DAVE HEUMANN – Here in the Deep

A Dave Heumann affiderei il destino dell’intera musica rock dell’avvenire. Il suo tocco speciale, la genuinità dell’artista e non ultimo il suo contributo con gli Arboretum, hanno contribuito a definire una nuova sensibilità espressiva a quello che oggi viene genericamente definito come rock di classe. Attenzione non solo Seventies rock o psychedelic rock, bensì rock a cui hanno dato un’anima e non soltanto ormoni. “Coming Out the Fog”, l’ultima fatica degli Arboretum, ci ha portato fuori dalla foschia del bosco, verso le rilassanti rive di un fiume pacifico. Da lì abbiamo rimirato il sole, la luna, le stelle. E nella stessa direzione procede “Here in the Deep”: una bucolica contemplazione della natura e del destino degli esseri umani.
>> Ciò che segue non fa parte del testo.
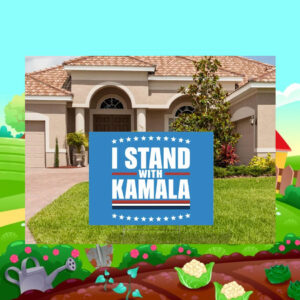 I Stand With Kamala 24 Yard Sign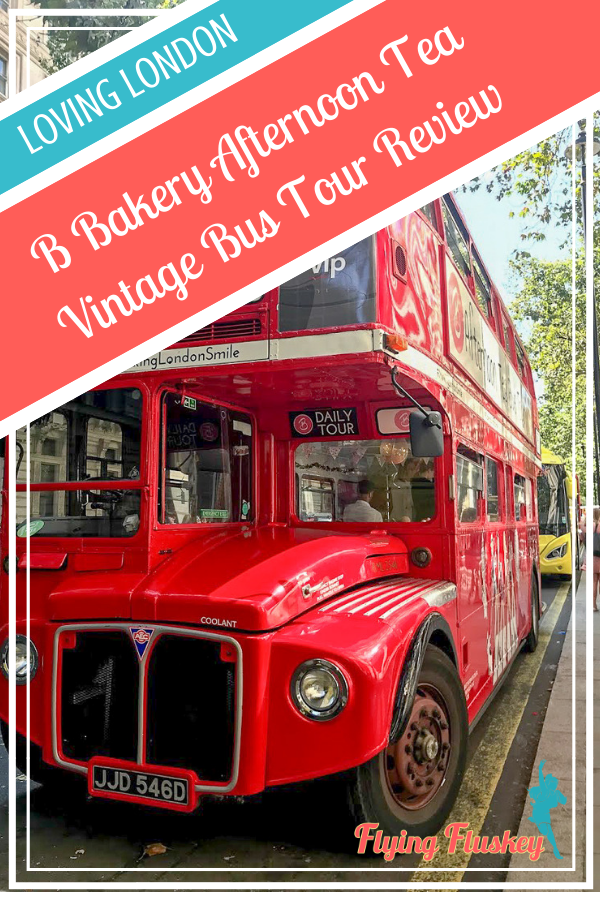 A full review of the B Bakery bus afternoon tea, London's most fabulous afternoon tea experience. All aboard the vintage Routemaster afternoon tea bus tour. #afternoon tea #afternoonteabus #bustour #thingstodoinlondon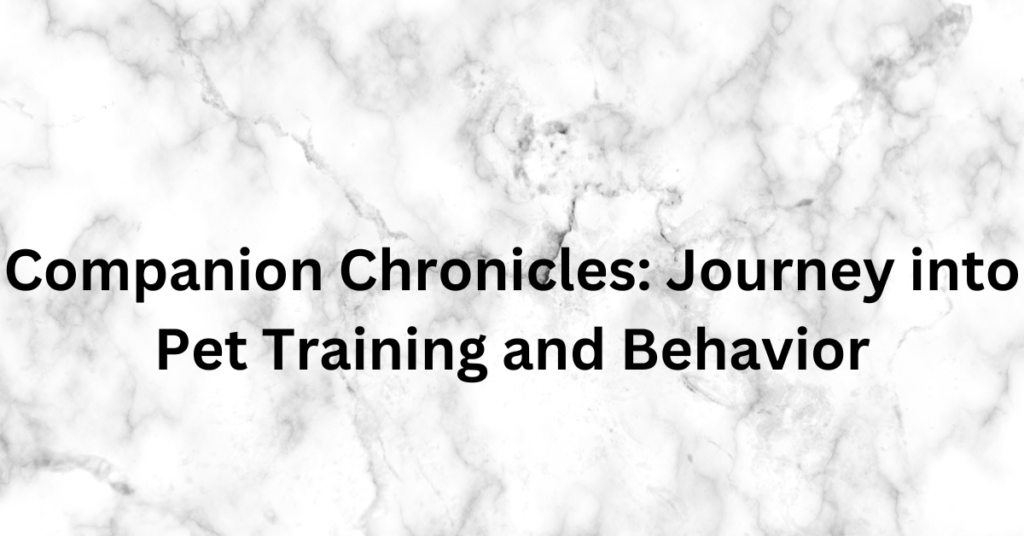 Companion Chronicles: Journey into Pet Training and Behavior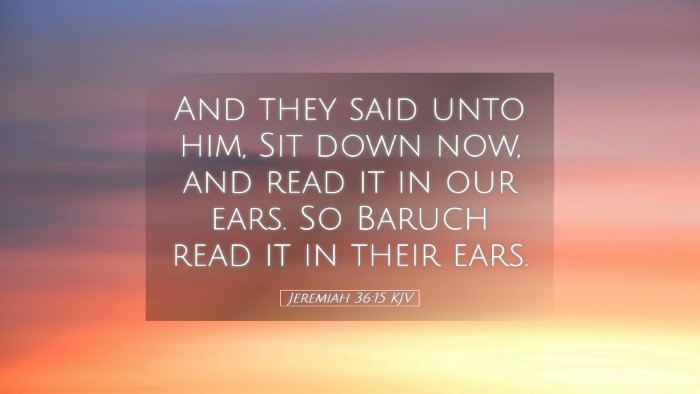 Picture 05 - Jeremiah 36:15 KJV Desktop Wallpaper - And they said unto him, Sit down now, and read it - Desktop Bible Verse Wallpaper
La chitarra acustica è l’elemento predominante dell’intero mood del disco e, alla stessa maniera di Jason Simon, titolare dell’emerita ditta Dead Meadow, Dave ha dato voce alle composizioni che in un modo o nell’altro uscivano dal binario della band madre. Nelle punte più alte del disco si ha la sensazione di trovarsi al cospetto di Donovan, tanto è dolce il miele che viene profuso. La strumentale “Leave Underfoot” non è tanto distante dal primo Angelo Branduardi, per esempio. Ma il nostro è cresciuto anche con una valanga di distorsione nell’amplificatore: l’opener “Switchback”, insieme a “Ends of the Heart” e “Greenwood Side”, ribadisce che le radici non sono state dimenticate, seppur ammorbidite. Qualcosa del genere aveva fatto capolino nella discografia degli Arboretum nelle uscite a lato: “Covered in Leaves” e “A Gourd of Gold” esaltavano la vocazione di Dave a ricercare qualcosa di non convenzionale e ricco di pathos. Il resto naviga verso lidi finora inesplorati.
“Holly King on a Hill” si tinge della porpora mediorientale con quel suo incedere stonato e ammaliante. Molte volte si sentono arrangiamenti che utilizzano synth vintage, di ottantiana memoria, insieme a clarini e archi, come nella leggerissima “Cloud Mind” che sfiora i sensi senza appannarli. Tutto è omogeno, amalgamato ed organico. Per chi ama gli Arboretum, “Here in the Deep” è vivamente consigliato per arricchire la propria discografia nella sezione smoke one joint and relax. Per chi ha bisogno di adrenalina e cafonaggine, tenersi alla larga. Il nostro Dave potrebbe sembrare un vecchio zio rincoglionito.